Doğa bütün bir ağacı gelin tacı gibi süslemiş olabilir mi? Olur!
Kupkuru bir dalın bahar gelince tekinde beş altı çiçek bulunan yüzlerce salkımla birdenbire canlanıvermesi mümkün müdür? Evet!
Nisan ayının ortasında bir meyve bahçesine şenlikli bir kar yağar mı hiç? Yağar!
Hiç çiçeklenmiş vişne ağacı gördünüz mü? O bembeyaz çiçekleri gördünüz mü? Gördünüzse, söylediklerimin doğru olduğunu biliyorsunuzdur.
Şu yazıyı yazmak için Kirazlı Köy Sofrası'nda bir masa seçip oturdum. Cep telimi, fotoğraf makinemi çıkardım. Bilgisayarımı açtım.
Ama buyrun bakalım! Yazmayı tasarladığım ne varsa aklımda, hepsi uçtu gitti!
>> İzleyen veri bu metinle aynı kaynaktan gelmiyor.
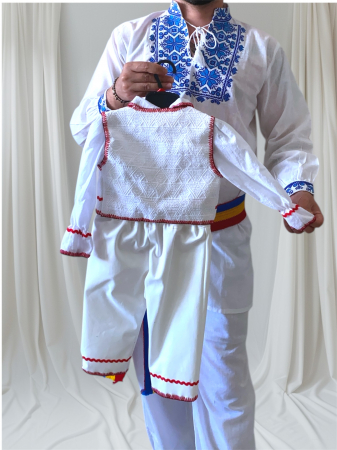 Costum national baiat Tudor [1]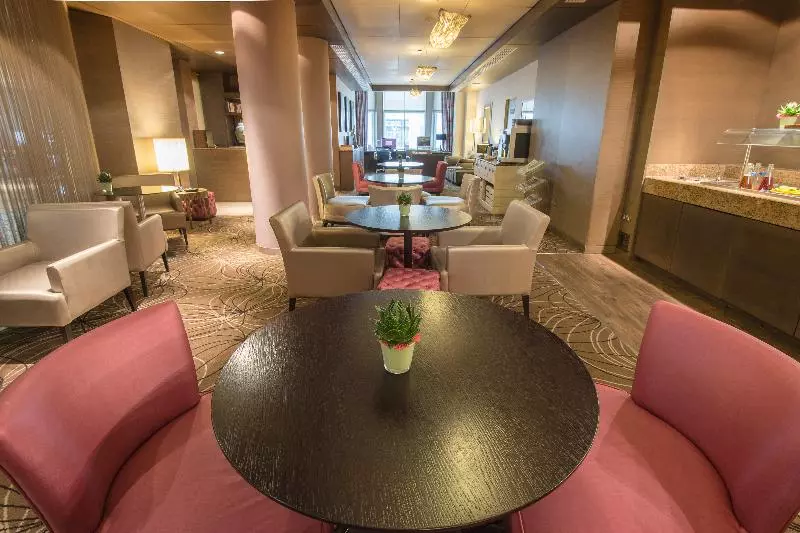 Fotos del hotel Doubletree By Hilton London Kensington:  2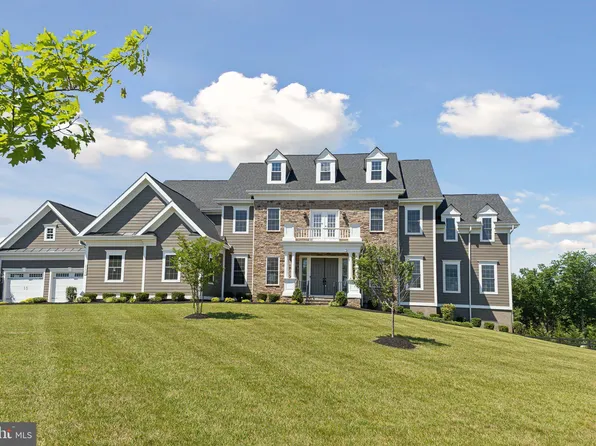 25925 Cameron Walk Pl, Aldie, VA 20105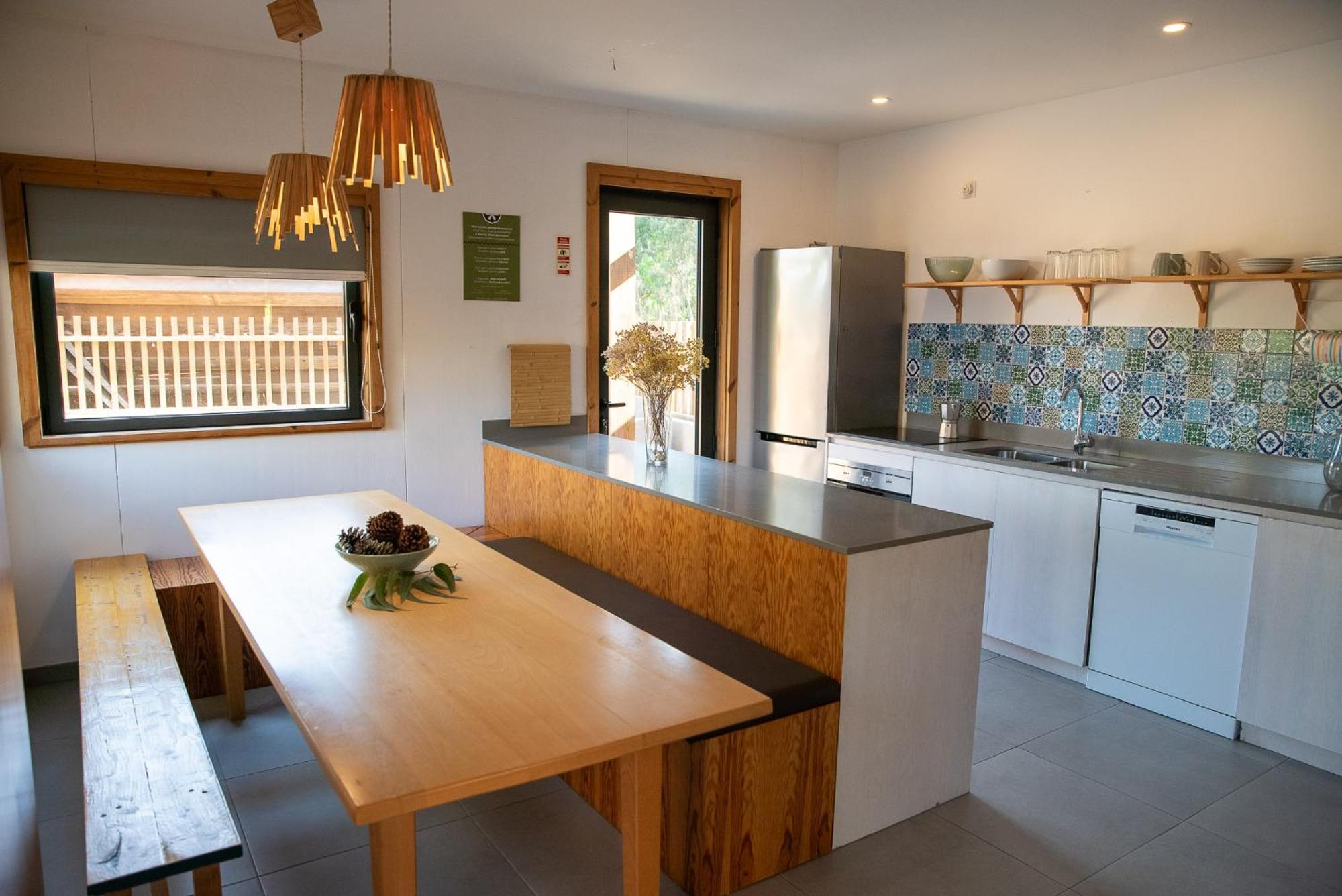 Bukubaki Eco Surf Hotell Ferrel  Exteriör bild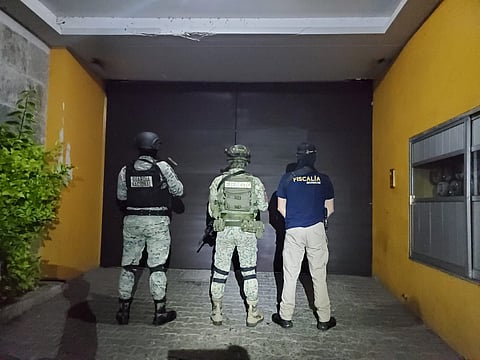 Asegura FGE 904 dosis de narcótico y equipo táctico durante cateo realizado en Morelia; hay dos personas detenidas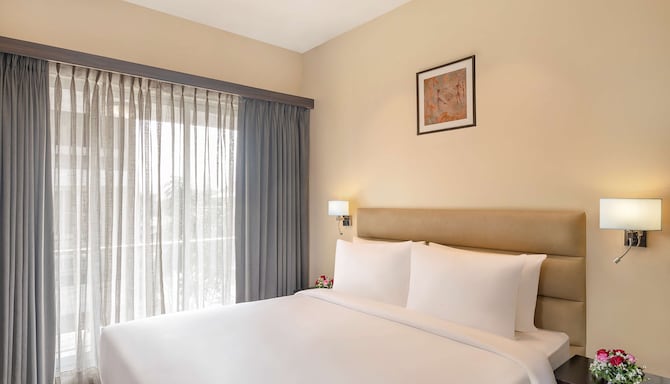 Radisson Blu Plaza Resort & Convention Centre Karjat - Two Bedroom Villa - First-floor bedroom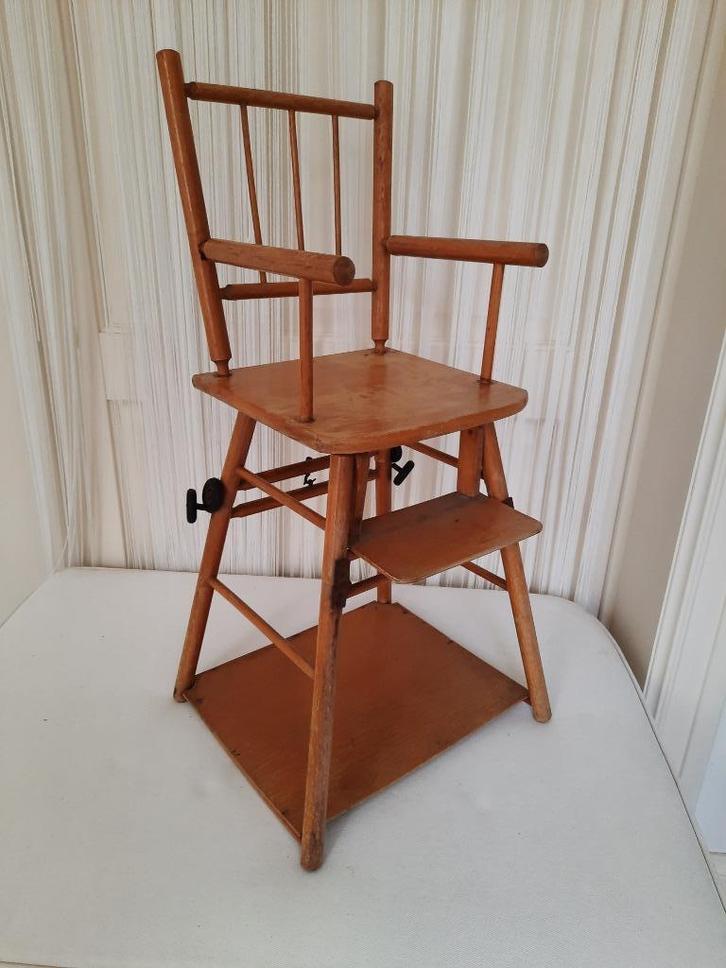 Antiek poppenstoeltje / hoog model, Antiek en Kunst, Antiek | Meubels | Stoelen en Sofa's, Ophalen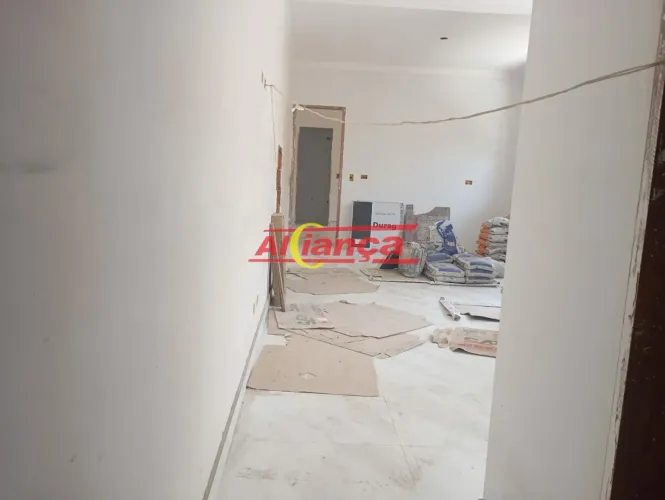 Casa Térrea à Venda Jardim Vila Galvão!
Çünkü üç vişne ağacının yanı başında oturmuşum. İnsanda akıl fikir bırakmayan bir güzellikleri var.
Hava rüzgârlı. Çiçekler uçuşuyor. Toprağın üzeri giderek solup pembeye dönmüş çiçeklerle dolu. Ağaçların arkası bağ.
***
Hayatı sevmek, hayatla sevişmek!
Zor becerilir bir sanat, şükredilecek bir bahttır bu. İnsan başka ne ister ki!
Ama ya o çok sevdiğiniz hayat, sevdiklerinizi üzüyorsa...
Şu üç günlük ömrünüzde nihayet derin bir soluk almaya başladığınız bir sırada sevdikleriniz bitkin düşüp çökmeye başlamışsa...
Tadınız kaçar,
ruhunuz bulutlanır, değil mi?
Sabah kalktığımda fark ettim ki, benim durumum da öyle.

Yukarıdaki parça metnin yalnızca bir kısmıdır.